Людмила Вовченко Цена дыхания

Пролог

Амелия Дайер ненавидела слово «чудо».

Обычно его произносили те, кто сначала три часа мешал работать, потом пять минут рыдал у стены, потом требовал гарантий, а в конце, когда ребёнок всё-таки начинал орать на весь родзал, складывал руки на груди и благоговейно шептал:

— Это чудо.

Нет, дорогие мои. Это не чудо.

Это сорок восемь часов без сна. Это спина, налитая свинцом. Это глаза, в которых песок скребёт по роговице. Это чужая кровь под ногтями, мокрый ворот халата, кофе из автомата, похожий на тёплый асфальт после дождя, и внутренний голос, который уже не просит, а матерно требует: «Амелия, сядь, пока не рухнула».

Но Амелия не садилась.

Она стояла у реанимационного стола, склонившись над крошечным телом, таким синим, что у неё внутри всё сжалось в холодный ком.

— Ну давай, — сказала она тихо. — Давай, мой хороший. Не начинай знакомство с миром с хамства. Тут и без тебя хватает невоспитанных.

Медсестра Инга, стоявшая рядом, даже не подняла бровь. За пятнадцать лет совместных дежурств она привыкла: если Амелия начинает разговаривать с новорождённым как с упрямым пенсионером в очереди к терапевту — значит, всё плохо.

За стеклом родильного бокса метались тени. Где-то плакала женщина. Где-то ругался анестезиолог. Аппарат пищал с мерзким, тонким, настойчивым звуком, от которого хотелось выдернуть провод не из стены, а прямо из вселенной.

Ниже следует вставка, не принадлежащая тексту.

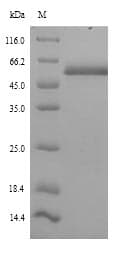 Human ICA69 / ICA1 Protein (Recombinant 6His, N-terminus)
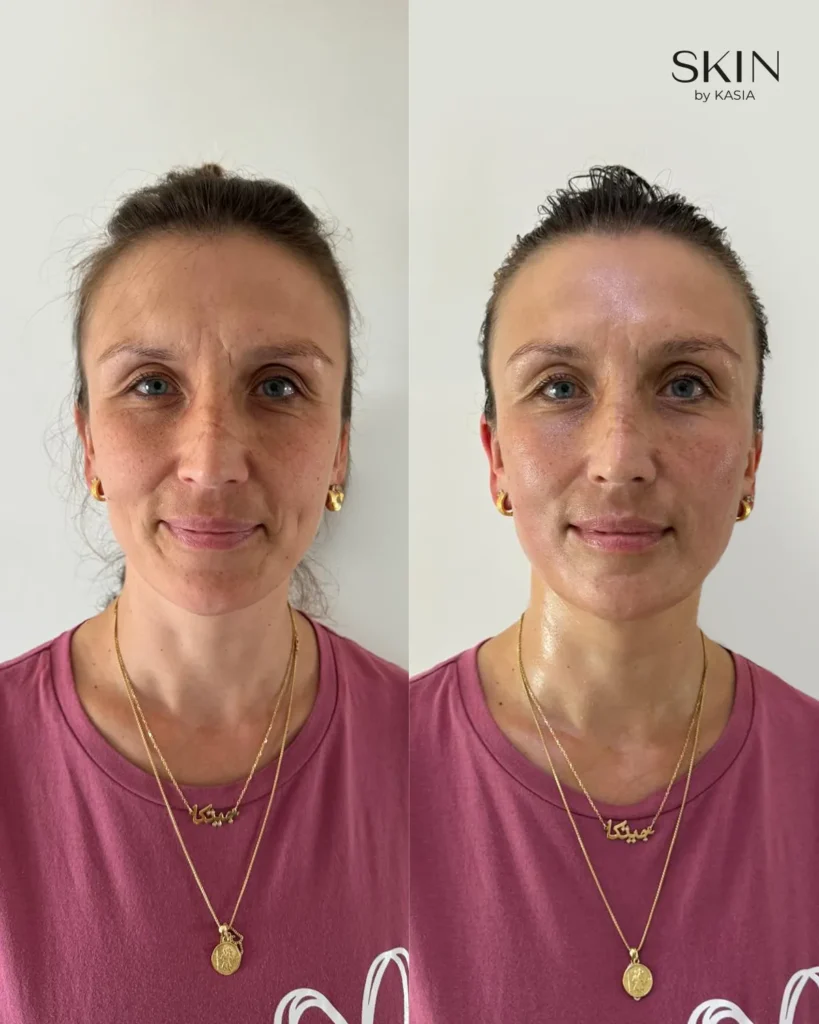 before and after 17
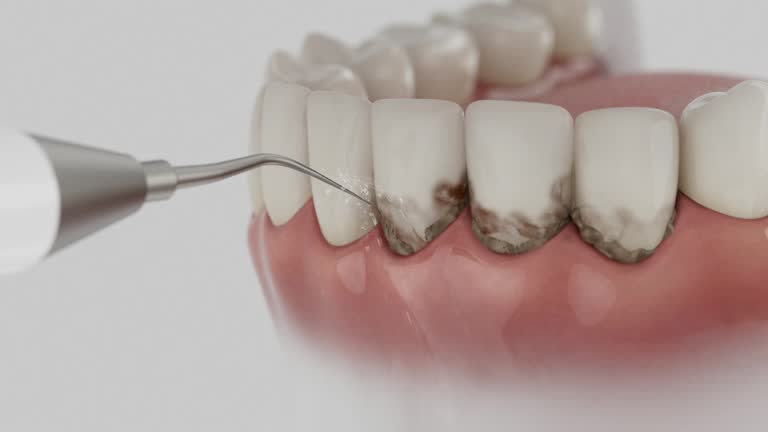 Trusted Wisdom Tooth Removal service in Moline, IL - Dentist Open Now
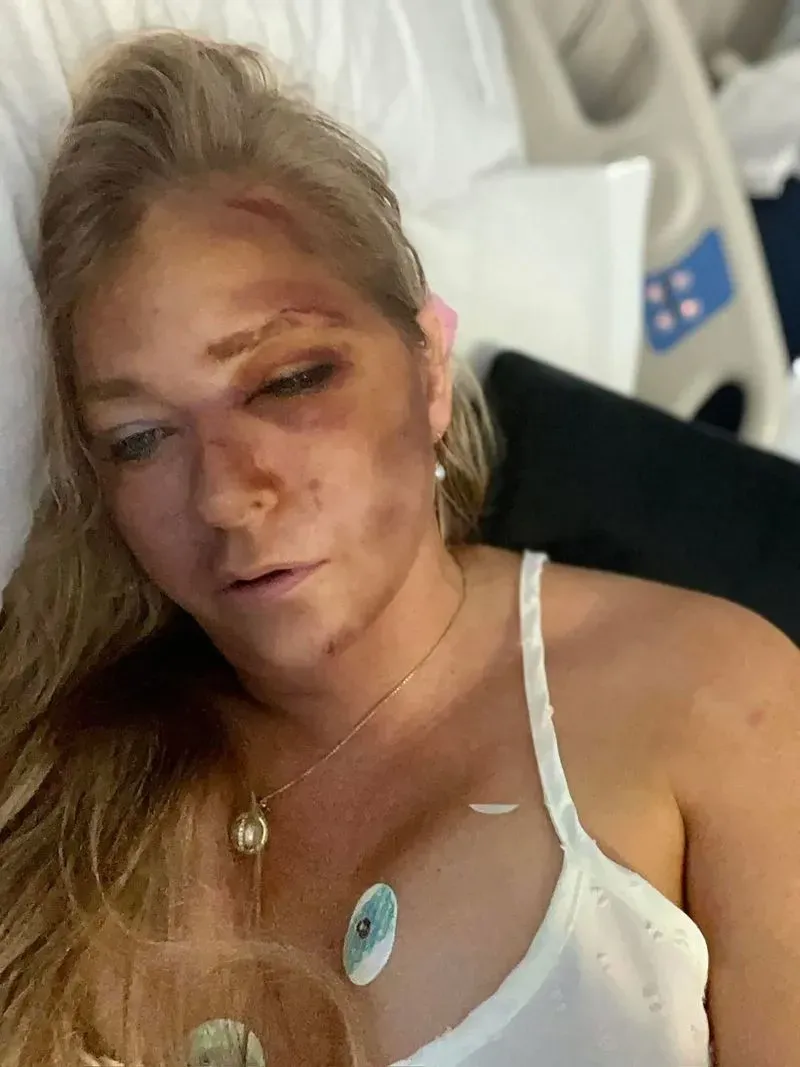 فيرجينيا جيوفري مستلقية على سرير المستشفى، تظهر عليها الكدمات بعد حادث سير، حيث زعمت أنها تعرضت لصدم من حافلة مدرسية.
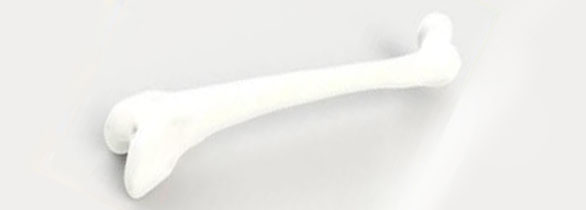 股骨金属植入物2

— Сатурация? — спросила Амелия.

— Падает, — ответила Инга.

— Спасибо, я обожаю хорошие новости. Особенно когда они приходят строем и бьют меня табуреткой по голове.

Её голос был сухой, хриплый, но руки не дрожали.

Руки у Амелии вообще никогда не дрожали в работе. Потом — да. Потом, когда всё заканчивалось, когда ребёнок начинал дышать или уже не начинал, когда мать переводили в палату, когда родные благодарили или обвиняли, когда в коридоре можно было прижаться лбом к холодной стене и закрыть глаза на десять секунд, — тогда руки могли предательски затрястись.

Но не сейчас.

Сейчас она была собрана до последнего нерва.

Белый свет ламп бил по лицу. В воздухе стоял густой запах антисептика, крови, тёплого пластика, лекарства и человеческого страха. Пол был влажный, на металлической стойке дребезжала упаковка, халат лип к спине. За окном уже серело утро, хотя Амелия не помнила, когда закончилась предыдущая ночь и началась эта.

— Ещё раз, — сказала она.

Инга подала всё без лишних слов.

Маленькая грудная клетка едва заметно поднялась. Потом снова провалилась в тишину.

Амелия стиснула зубы.

— Нет, милый. Так мы не договаривались. Я сюда не для красоты пришла. Хотя, конечно, жаль. Красота у меня сегодня особенно выразительная: мешки под глазами, волосы как у ведьмы после налоговой проверки и характер как у голодной гиены.

— Характер у тебя всегда такой, — пробормотала Инга.

— Не льсти мне. Сегодня я добрая.

В углу кто-то нервно всхлипнул. Молодой врач-ординатор, бледный, высокий, с лицом человека, который только что понял, что учебники писали садисты и оптимисты.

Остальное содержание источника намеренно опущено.